Tak się składa, że niedawno mogłem się dowodnie przekonać,
jak celne są uwagi Teresy Kuczyńskiej, podważającej opinie o "niezależności"
ludzi pracujących u różnych zagranicznych "sponsorów". M.in. bardzo
zdumiewa mnie jaskrawe wybielanie dziejów Krzyżaków przez tak wytrawnego
publicystę, jak Adam Krzemiński, w swej proniemieckości gorliwszego
od dużo obiektywniej i krytyczniej patrzących na Krzyżaków niektórych
niemieckich historyków. Kilka lat temu ten sam Adam Krzemiński, dziś
tak "zauroczony" niemieckimi sponsorami Dialogu, w artykule na łamach
Polityki starał się zupełnie zatrzeć różnice między polskimi ofiarami
a niemieckimi katami doby drugiej wojny, pisząc jednym tchem o ´wypędzeniu
Niemców przez Polaków´ i ´Polaków przez Niemców´. Wywołało to ostry
protest na łamach Polityki ze strony dwóch aż za dobrze pamiętających
czasy niemieckich zbrodni czytelników z Izraela (H. Izraela i J.
Smietańskiego).
Z inną ofiarą "zauroczenia" niemieckimi sponsorami -
Januszem Reiterem, b. ambasadorem Polski w Niemczech, miałem niedawno
możliwość publicznej polemiki w blisko godzinnym Tygodniku Wyborczym
Programu I TVP. Zaszokowało mnie wtedy, jak p. Reiter szedł w zaparte
w wybranianiu strony niemieckiej dosłownie w każdej sprawie, bagatelizowaniu
niekorzystnych dla Polski niemieckich sondaży czy nienajlepszych
dla nas wypowiedzi kanclerza Niemiec, gorączkowego zapewniania o
tym, jak
Niemcy chcą nam pomagać. A wszystko to w czasie, gdy w
poważnych dziennikach (np. Rzeczpospolitej) mnożą się informacje
o świadomym wypieraniu polskich firm budowlanych z Niemiec, gdy znana
jest dyskryminacja paru milionów Polaków w Niemczech... Tyle że te
fakty niewiele znaczą dla p. Reitera. Bo on ma niemieckiego sponsora
i swoje wie... Przecież jego chlebodawca mógłby się obrazić za przyznawanie
niewygodnych dla niego faktów. I takich to mamy "niezależnych".

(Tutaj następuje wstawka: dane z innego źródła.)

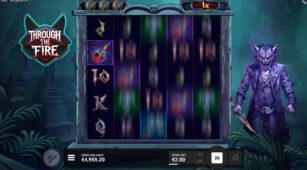 Through The Fire demo play free 3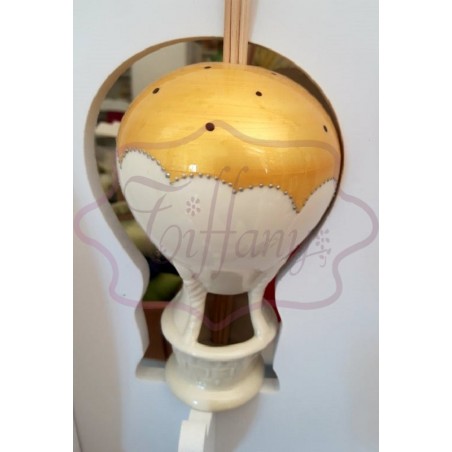 Profumatore Mongolfiera...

PS. Ogromnie dziękuję Czytelnikom Niedzieli, którzy tak szybko i tak ciekawie odpowiedzieli swoimi relacjami z kresów wschodnich na mój apel zamieszczony parę tygodni temu. Wszystkie relacje są bardzo cenne i zostaną przeze mnie wykorzystane w kończonej książce o Polakach i Żydach na Kresach w latach 1939-41 (w jednym przypadku z uwzględnieniem prośby o niepodawanie w druku nazwiska autora relacji). Nadesłane przez Państwa świadectwa są prawdziwie wzruszającym dowodem patriotyzmu Kresowiaków, a zarazem kolejny raz przypominają, jak haniebne są tak długie zaniedbania w przedstawianiu różnych bolesnych tabu z dziejów Polaków. Czytelników Niedzieli proszę o nadsyłanie swoich relacji z Kresów lat 1939-41 jeszcze w ciągu najbliższych paru tygodni, będę starał się je jeszcze wykorzystać w końcowych uzupełnieniach książki.